Pourquoi ça se passe au Bozar alors que cette programmation aurait
pu être celle du Fuse si le Fuse avait continué sa politique qui
était un moment la sienne : ne pas se contenter d'être une
simple discothèque mais bel et bien proposer une plateforme, un poil
militante même, de découverte du monde effrayant et merveilleux des
musiques électroniques ? On me dira que ce n'est pas le job
d'une boîte, ni forcément d'une soirée, mais justement, si, ça
l'est, du moins quand l'organisateur se pique d'une vocation plus ou
moins contre-cuturelle. J'ai le souvenir de lives au Fuse qui
n'avaient rien de très clubby, de prestations qui cassaient même
totalement l'ambiance en pataugeant dans trop d'expérimentations. Ce
n'était pas toujours très passionnant mais, au moins, ça sortait
du cadre du long fleuve tranquille et rassurant de techno coulant de
23 à 6 heures du matin.
Je
suis pire que Powell. J'exige d'être surpris mais j'aime aussi
davantage expérimenter le flottement, la circonspection et même un
relatif ennui que d'être très professionnellement étourdi de faux
bonheur dès mon premier orteil posé en club ou en soirée. Or, dans
les clubs et les soirées, nous revivons actuellement avec la
mauvaise house et la mauvaise techno ce qui se passait déjà en 1980
avec le mauvais disco. C'est une fin de règne de styles embourbés
dans les clichés, une expérience dont on a fait le tour depuis
longtemps. Il en sortira forcément du neuf, à moins que ne
disparaisse totalement l'idée même de club. Ce qui n'est pas
impossible à une époque où les modes de consommation culturelle
mais aussi la drague, les habitudes sociales, la règlementation et
la morale changent à ce point. De plus, le club s'est trouvé un
concurrence féroce du côté des festivals.
Personnellement,
j'ai déjà ici
fait mon coming-out
à ce sujet, je déteste les festivals. Même ce vendredi au Bozar,
alors qu'il n'y avait pourtant que 6 artistes au programme, j'en ai
zappé 3, vu que j'ai beau aimer les expériences, celle du gavage ne
m'intéresse absolument pas. Je pense toutefois que le concept même
de festival est totalement en accord avec les modes de consommation
culturelle actuels. C'est une sorte d'équivalent 3D d'un disque dur
blindé de milliers de fichiers dont seuls une centaine nous touche
vraiment.
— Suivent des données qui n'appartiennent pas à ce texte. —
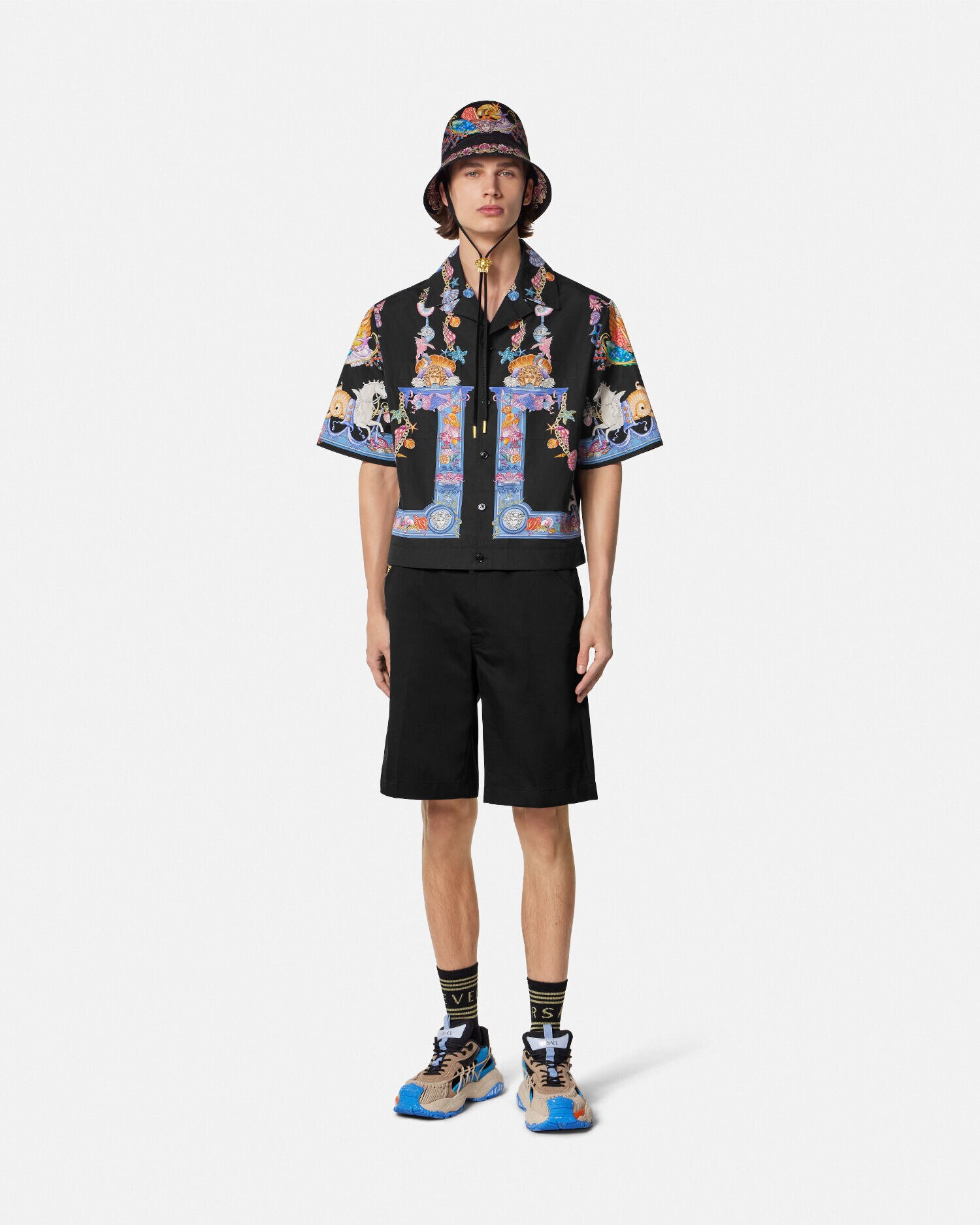 New VERSACE x H&M Collaboration Mens Zebra Black White W31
Ca n'excite plus vraiment les gens d'aller en soirée ou en
boîte, c'est banal, ils considèrent ça comme une version améliorée
d'un bistrot. Par contre, les festivals, c'est pour eux là que ça
se passe, qu'il faut être vu, que l'on prend le pouls du présent,
voire même du futur. On s'habille un peu spécialement pour y aller,
on affirme son endurance quasi sportive en y allant et on poste aussi
beaucoup de photos sur les réseaux sociaux parce que c'est aussi
chic de montrer qu'on y était qu'il était chic de pouvoir entrer au
Studio 54. Ce n'est sans doute pas non lus un hasard que la seule
discothèque dont on entend encore régulièrement parler avec
passion, qui excite les imaginaires, c'est le Berghain à Berlin,
moins pour la musique que parce qu'il est justement censé offrir un
trip proche de l'expérience festivalière, où l'on s'ennuie dans
l'interminable file avant de vivre un éventuel chaos, certes plus
fantasmé et contrôlé que réel, mais différent de l'ambiance
lambda de la plupart des boîtes en activité. Le clubbing n'est pas
mort, plutôt grabataire et le festivalling is the thing. Voilà où
on en est, je pense. Evidemment, le drame d'une nuit dehors, c'est
que s'il ne se passe pas grand-chose ou qu'il se passe trop, au bout
du compte, cela revient souvent au même : on est abruti, on se
carapace, on oublie. Si dix minutes après avoir été blessé par de
la musique extrême, on guérit déjà ses plaies par quelque-chose
de plus aimable, rentré chez soi, l'expérience de la blessure n'a
plus le même intérêt que si elle mettait plusieurs jours à
cicatriser. Saigner des oreilles est un plaisir et doit le rester.